I have done measurements of the depth z on different locations y, so I can find an approximation for a function z(y) and hence find the profile of the river.
I have also done measurements of the velocity on different points in the river, so now I wish to find a function v(y,z) that describes the speed at every point in the cross-section.
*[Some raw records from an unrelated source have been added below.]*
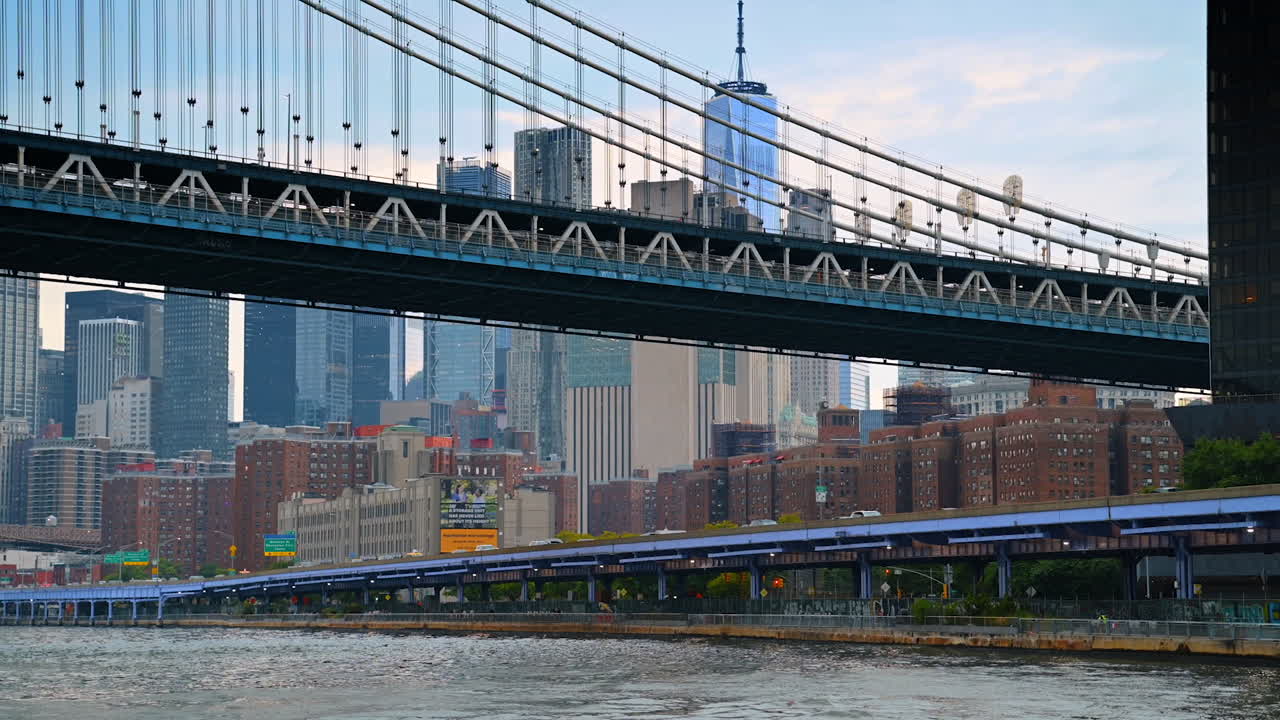 New York, USA, 1 August 2025: Manhattan Bridge with New York skyline view. The Manhattan Bridge spans across the East River with the city skyline in the background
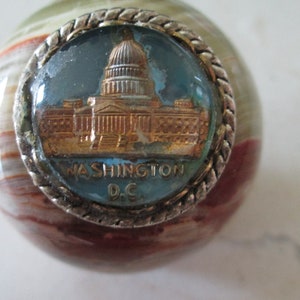 May include: A small, round, multi-colored marble with a silver-rimmed, blue glass inset featuring a gold image of the US Capitol building and the text "WASHINGTON D.C."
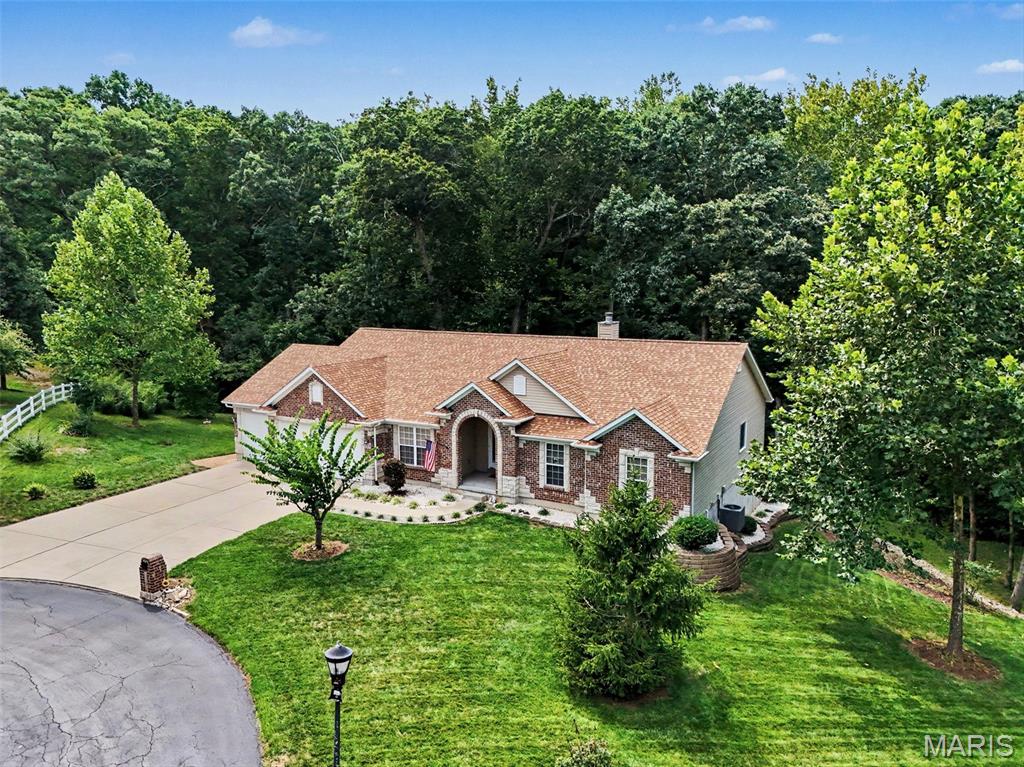 Discover an expansive lifestyle opportunity at 6300 White Clover Drive!  Built in 2006, this exquisite +-2024 sq foot atrium ranch with brick and stone front is nestled quietly on over an acre of land in a cul-de-sac backing to mature trees!  With three well-appointed bedrooms, 2 full bathrooms and a main floor laundry, this residence provides an exceptional opportunity for the growing family and an excellent investment opportunity to finish the lower level.  Pride of ownership is evident from the arched entry to the landscaping to the walk-out basement.  With attractive features like a 3-car garage, large patio, and screened back deck this is one you'll not want to miss. Additional features like large room sizes, open vaulted floor plan, vaulted ceilings, granite counters, separate dining, gas starter fireplace & walk-in closets will surely impress any buyer.  This property invites you to envision a life of spacious comfort and endless possibilities in one of the areas premier subdivisions. Don't miss the community fishing lake!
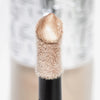 Nahaufnahme des Highlighter-Applikators; darauf ein Tropfen Flush of Light Opal Beam mit strukturierter silber Kappe im Hintergrund.
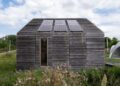 Sustainable wooden house with solar panels and lush surroundings.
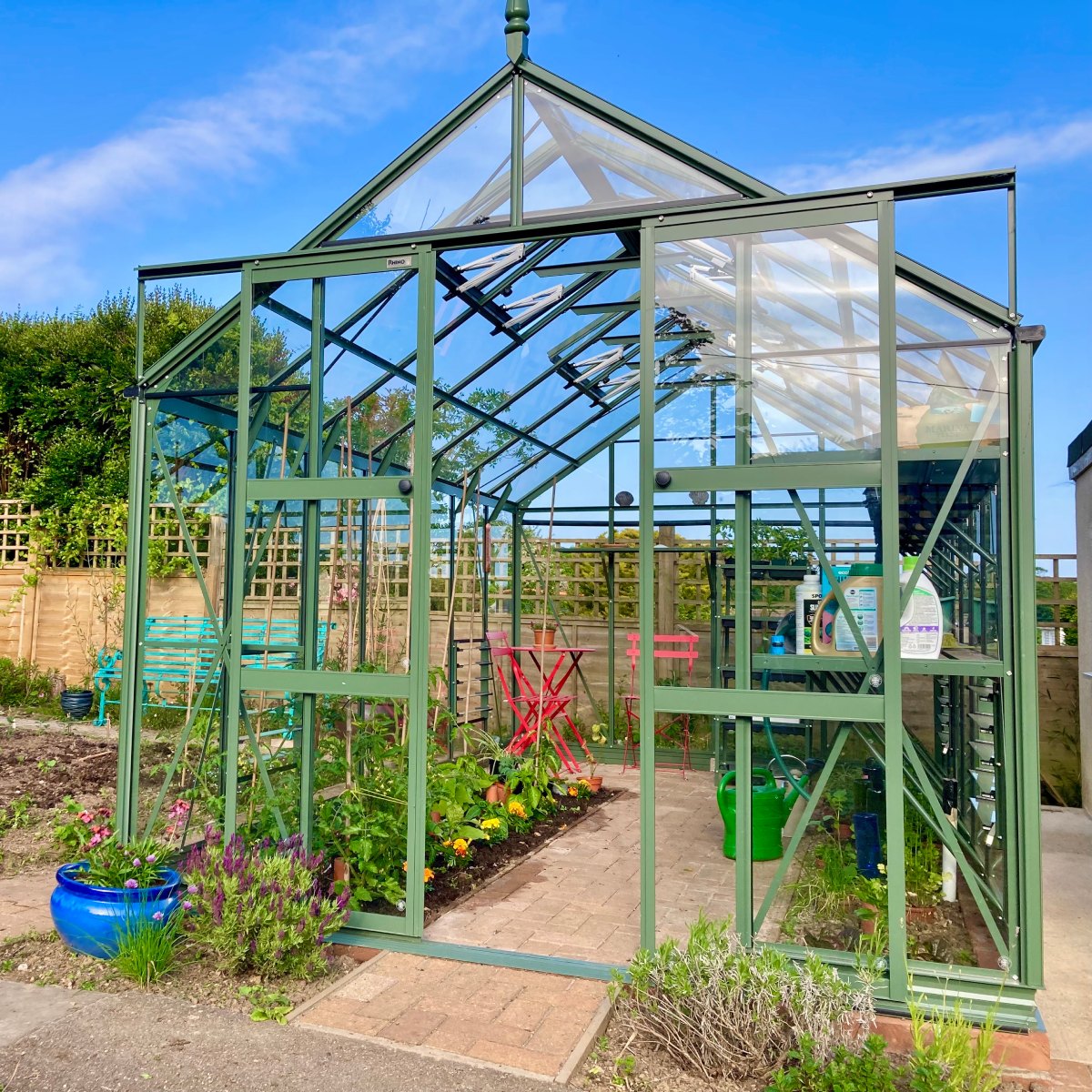 A green Rhino Greenhouse stands with open doors, revealing plants and gardening tools inside. It's surrounded by a garden, with blue sky above. A blue ceramic pot and colorful chairs are visible.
This will give me a way to find the average speed by integrating over the function for the cross-area.
Homework Equations
Basically, through a number of assumptions and approximations, the problem can be reduced to a set of two differential equations:
[itex]\eta_{y}\frac{\partial^{2} v(y,z)}{\partial y^2} + \eta_{z}\frac{\partial^{2} v(y,z)}{\partial z^2} = -\rho g Sin(\alpha)[/itex]
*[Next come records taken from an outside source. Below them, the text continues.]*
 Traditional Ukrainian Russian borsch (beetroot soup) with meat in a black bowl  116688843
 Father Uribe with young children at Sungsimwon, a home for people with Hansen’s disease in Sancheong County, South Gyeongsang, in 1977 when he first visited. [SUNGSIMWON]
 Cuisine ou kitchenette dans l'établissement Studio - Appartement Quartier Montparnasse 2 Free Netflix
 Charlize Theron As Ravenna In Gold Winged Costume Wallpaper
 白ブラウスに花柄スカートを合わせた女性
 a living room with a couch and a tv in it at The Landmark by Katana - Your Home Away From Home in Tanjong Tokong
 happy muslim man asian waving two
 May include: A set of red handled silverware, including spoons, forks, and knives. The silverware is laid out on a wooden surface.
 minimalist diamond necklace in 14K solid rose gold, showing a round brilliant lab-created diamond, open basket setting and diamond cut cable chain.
By assuming by turns [itex]\eta_{y} = 0[/itex] and [itex]\eta_{z} = 0[/itex] I can find functions v(y) and v(z) that describe a kind of an average velocity for any given y or given z.
The problem now is the integration of these two into one function v(y,z).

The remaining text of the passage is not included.